#### [ASSIGNED TASK]
Write the data out again exactly, dropping any images it holds.

#### [DATA BLOCK]
::::::

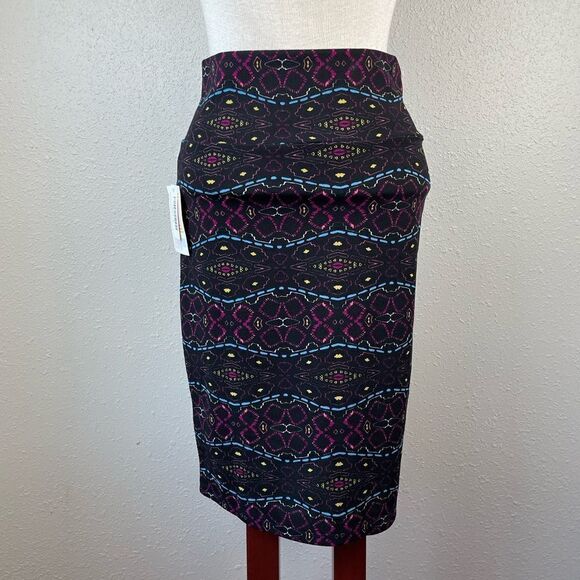 NWT LulaRoe Skirt Size S - Picture 4 of 7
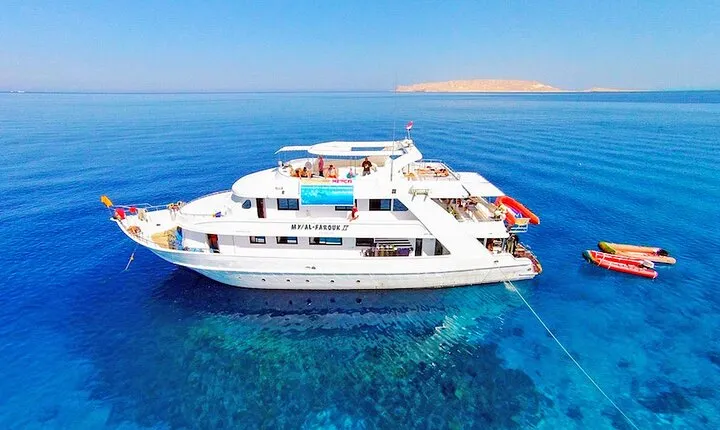 Full Day Paradise Island Excursion with Included Snorkeling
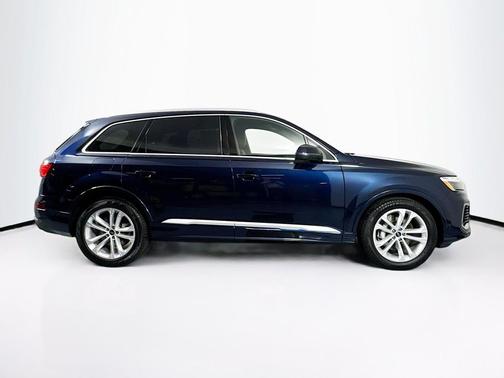 2025 Audi Q7 55 Prestige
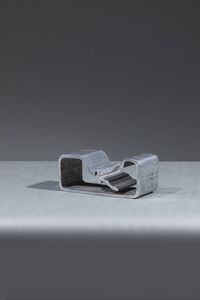 SERGIO PUTATTI Follonica (GR) 1939 : Scultura in alluminio stampato. cm 11x25 5x12  - Asta Design - Associazione Nazionale - Case d'Asta italiane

::::::

#### [ANSWER TO THE PROBLEM]
 NWT LulaRoe Skirt Size S - Picture 4 of 7
 Full Day Paradise Island Excursion with Included Snorkeling
 2025 Audi Q7 55 Prestige
 SERGIO PUTATTI Follonica (GR) 1939 : Scultura in alluminio stampato. cm 11x25 5x12  - Asta Design - Associazione Nazionale - Case d'Asta italiane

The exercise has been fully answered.